**Directions for this task**
Copy out every line of the data exactly; do not include the images.
============
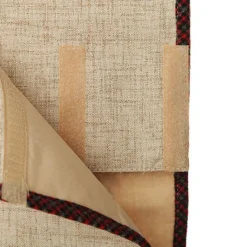 Vintage Reindeer Christmas Cushion Wrap Christmas Cushions|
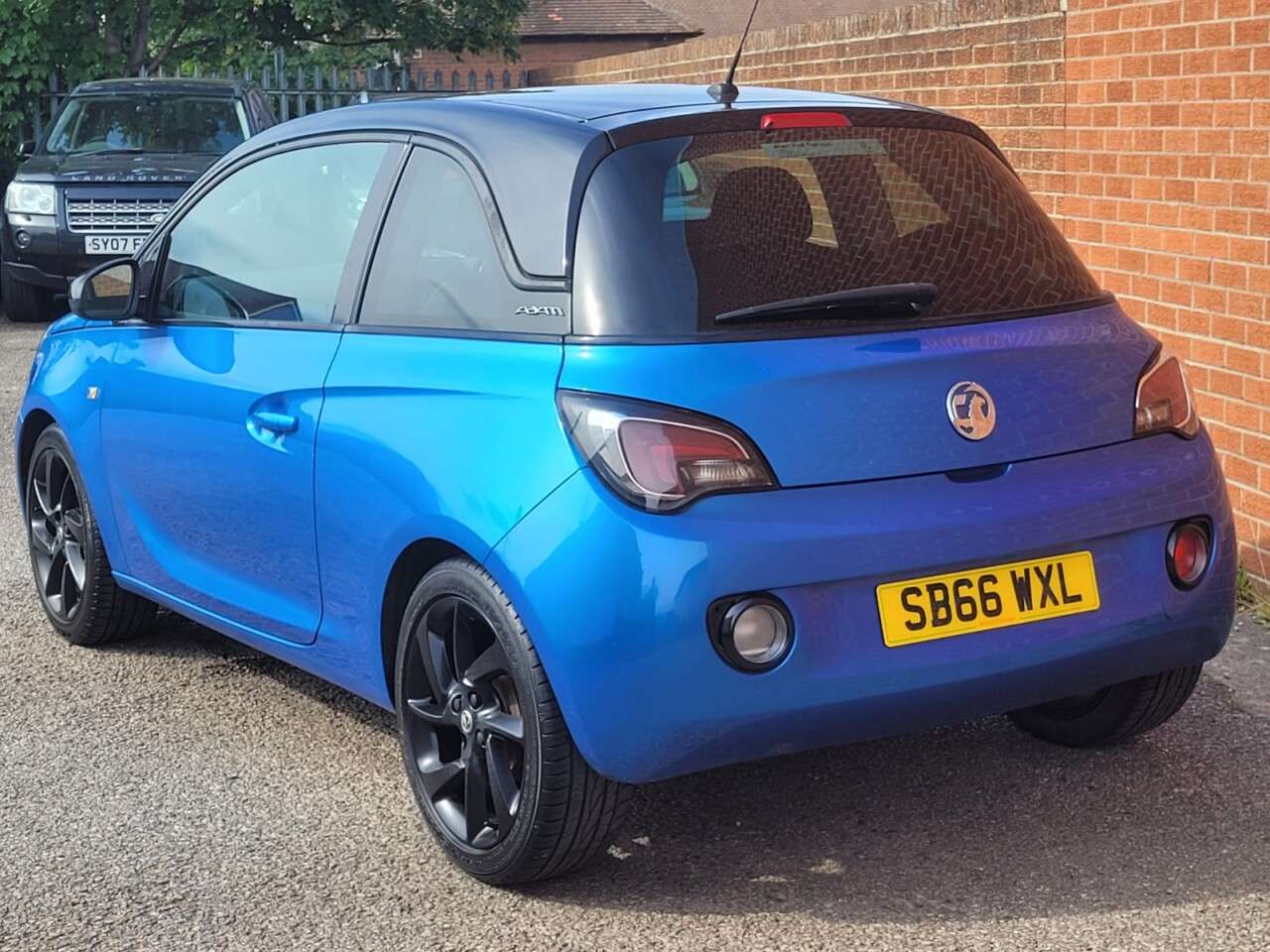 2016 VAUXHALL ADAM 2016 VAUXHALL ADAM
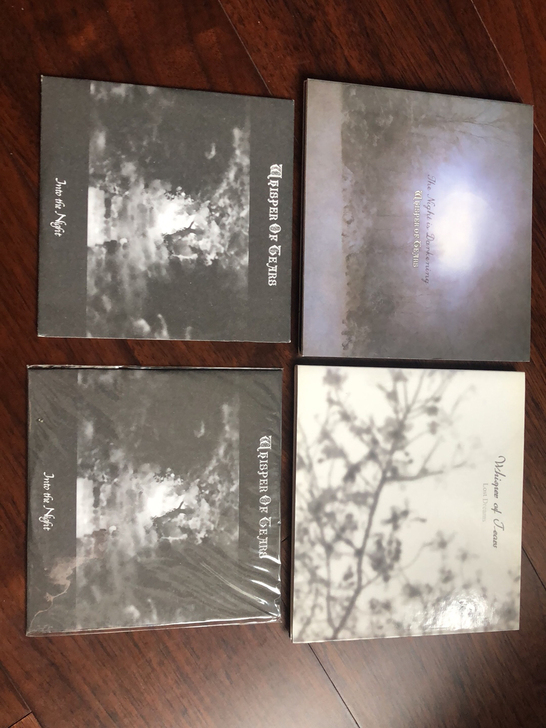 Whisper Of Tears ~ In...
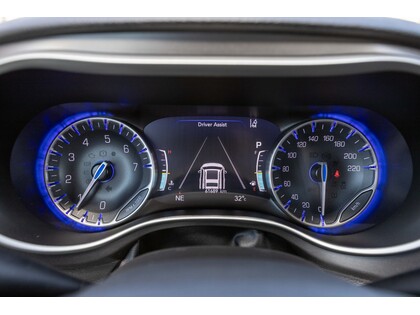 used 2023 Chrysler Pacifica car, priced at $39,988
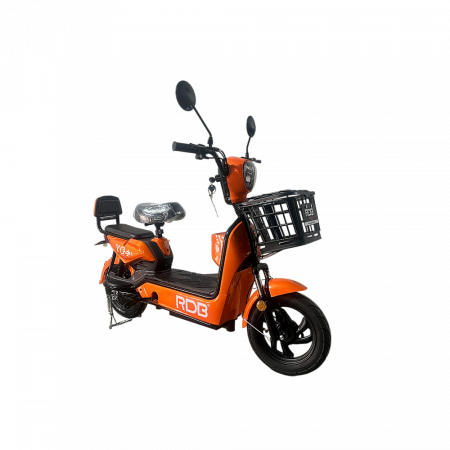 Vehicule electrice - Scuter Electric RDB YG4, 350W, fara permis, 25km/h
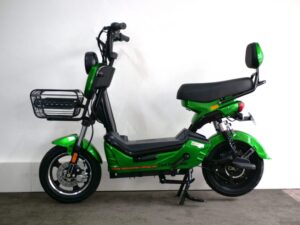 Elektro Scooter Sunra MAX grün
============
**Task output**
 Vintage Reindeer Christmas Cushion Wrap Christmas Cushions|
 2016 VAUXHALL ADAM 2016 VAUXHALL ADAM
 Whisper Of Tears ~ In...
 used 2023 Chrysler Pacifica car, priced at $39,988
 Vehicule electrice - Scuter Electric RDB YG4, 350W, fara permis, 25km/h
 Elektro Scooter Sunra MAX grün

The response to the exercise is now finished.